━━ Provided material ━━

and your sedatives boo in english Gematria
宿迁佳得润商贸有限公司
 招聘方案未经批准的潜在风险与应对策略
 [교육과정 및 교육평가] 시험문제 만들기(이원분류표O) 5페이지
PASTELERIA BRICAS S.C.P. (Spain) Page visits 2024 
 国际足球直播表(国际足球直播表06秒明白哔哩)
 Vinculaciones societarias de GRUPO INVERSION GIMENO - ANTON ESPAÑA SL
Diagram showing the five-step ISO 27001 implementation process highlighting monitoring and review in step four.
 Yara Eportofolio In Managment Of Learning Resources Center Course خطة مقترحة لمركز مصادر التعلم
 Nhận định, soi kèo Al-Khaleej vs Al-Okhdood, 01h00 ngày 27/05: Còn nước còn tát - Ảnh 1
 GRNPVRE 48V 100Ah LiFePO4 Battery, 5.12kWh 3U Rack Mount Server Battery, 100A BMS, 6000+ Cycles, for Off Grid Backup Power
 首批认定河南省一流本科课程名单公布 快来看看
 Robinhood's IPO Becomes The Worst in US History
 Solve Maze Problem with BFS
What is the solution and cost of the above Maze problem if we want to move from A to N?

━━━

Each entry above must be printed exactly as written.

**Output below**
and your sedatives boo in english Gematria
宿迁佳得润商贸有限公司
 招聘方案未经批准的潜在风险与应对策略
 [교육과정 및 교육평가] 시험문제 만들기(이원분류표O) 5페이지
PASTELERIA BRICAS S.C.P. (Spain) Page visits 2024 
 国际足球直播表(国际足球直播表06秒明白哔哩)
 Vinculaciones societarias de GRUPO INVERSION GIMENO - ANTON ESPAÑA SL
Diagram showing the five-step ISO 27001 implementation process highlighting monitoring and review in step four.
 Yara Eportofolio In Managment Of Learning Resources Center Course خطة مقترحة لمركز مصادر التعلم
 Nhận định, soi kèo Al-Khaleej vs Al-Okhdood, 01h00 ngày 27/05: Còn nước còn tát - Ảnh 1
 GRNPVRE 48V 100Ah LiFePO4 Battery, 5.12kWh 3U Rack Mount Server Battery, 100A BMS, 6000+ Cycles, for Off Grid Backup Power
 首批认定河南省一流本科课程名单公布 快来看看
 Robinhood's IPO Becomes The Worst in US History
 Solve Maze Problem with BFS
What is the solution and cost of the above Maze problem if we want to move from A to N?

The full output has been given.